From Quadrivium to... Trivium

New from
Beauty for Truth's Sake was about the four liberal arts known collectively as the Quadrivium. I wanted it to be as practically helpful as possible to people working to reintegrate wisdom and a sense of beauty and the sacred back into education. On this blog and on the main site where the book is listed I continue to place material to supplement what is in the book. One of the resources I recommended is a series of little paperbacks published by Wooden Books on topics such as Harmony, Sacred Geometry, Astronomy, etc. Now the publisher has rolled all these little books into one impressive textbook, the cover of which is reproduced on the right. I thought you'd like to know!

So that is the Quadrivium. But that is only four of the seven liberal arts. Maybe now we should turn our attention to the remaining three, the Trivium of grammar, logic and rhetoric. According to Hugh of Saint Victor, summarizing the tradition in the high Middle Ages, "Grammar is the knowledge of how to speak without error; dialectic is clear-sighted argument which separates the true from the false; rhetoric is the discipline of persuading to every suitable thing." The Quadrivium is about mathematical symbols and geometry (numbers and shapes), while the Trivium is about verbal symbols and the arts of language. The interest of educators in the Trivium and in the Classical Curriculum generally was fuelled by a famous essay of Dorothy Sayers called "The Lost Arts of Learning". (There is also a classic textbook on the subject by Sister Miriam Joseph). It is widely agreed that the skills of speaking, thinking, remembering, communicating and debating are endangered by a culture of instant electronic social networking, images and sound-bites. Yet if we cannot think for ourselves, what becomes of our freedom?
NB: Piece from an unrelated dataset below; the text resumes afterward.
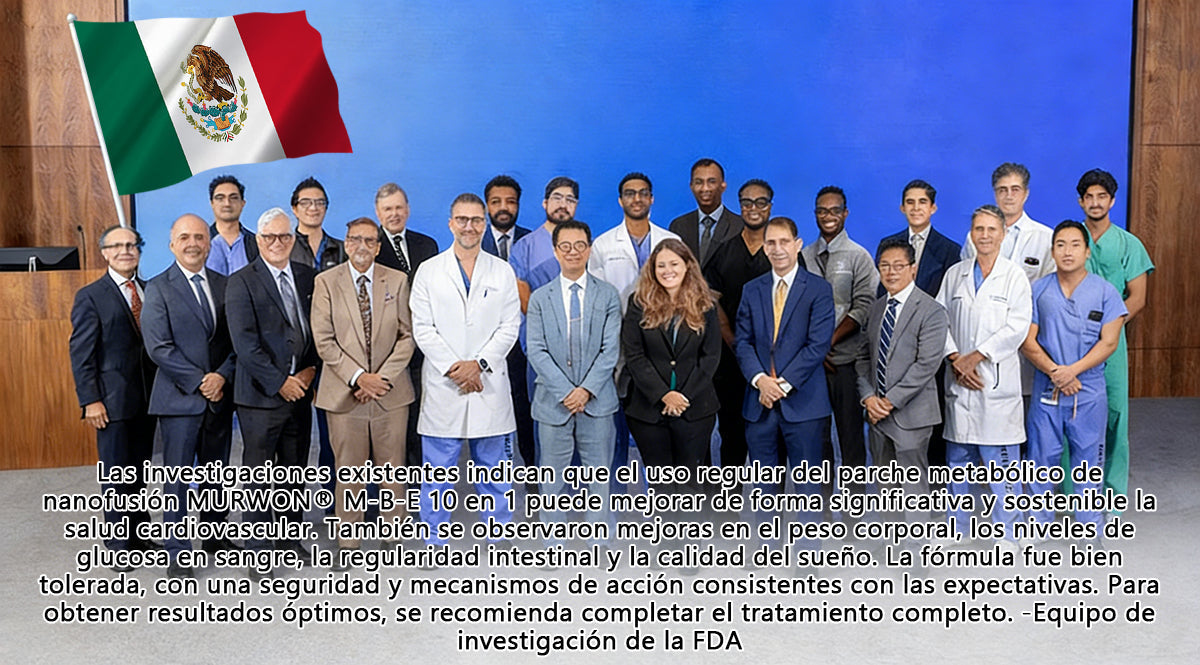 𝑬𝒙𝒑𝒆𝒓𝒊𝒆𝒏𝒄𝒊𝒂 𝗰𝗼𝗺𝗽𝗿𝗼𝗯𝗮𝗱𝗮 𝐲 𝙖𝙫𝙖𝙡𝙖𝙙𝙖👩‍⚕️|𝙈𝑼𝐑𝒲𝓞𝙽® 𝑴-𝑩-𝙉 𝙋𝙖𝙧𝙘𝙝𝙚 𝑴𝒆𝒕𝒂𝒃ó𝒍𝒊𝒄𝒐 𝐍𝐚𝐧𝐨-𝐅𝐮𝐬𝐢ó𝐧🦚𝑨𝒗𝒂𝒍𝒂𝒅𝒐 𝐜𝐢𝐞𝐧𝐭í𝐟𝐢𝐜𝐚𝐦𝐞𝐧𝐭𝐞 | 𝙁ó𝙧𝙢𝙪𝙡𝙖 𝟭𝟎-𝙚𝙣-1 | 𝙍𝙚𝙨𝙪𝙡𝙩𝙖𝙙𝙤𝙨 𝙚𝙣 𝙨𝙤𝙡𝙤 𝟕 𝙙í𝙖𝙨🦆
  1. Wooden Books used to be very good but no more.
    A change of style means they are now illegible for my tired old eyes.
    They are smaller than they used to be and they are now printed in brown ink on cream paper which is impossible to read.
    Sorry but this change is a victory for the marketing people - style is more important than substance.
    The four I bought recently remain unread which is a pity because their authors are worth reading.

  2. I understand, although this particular hardback book is printed on larger, whiter pages and combines the text of six of their little paperbacks plus some extra pages, so it may be easier to read.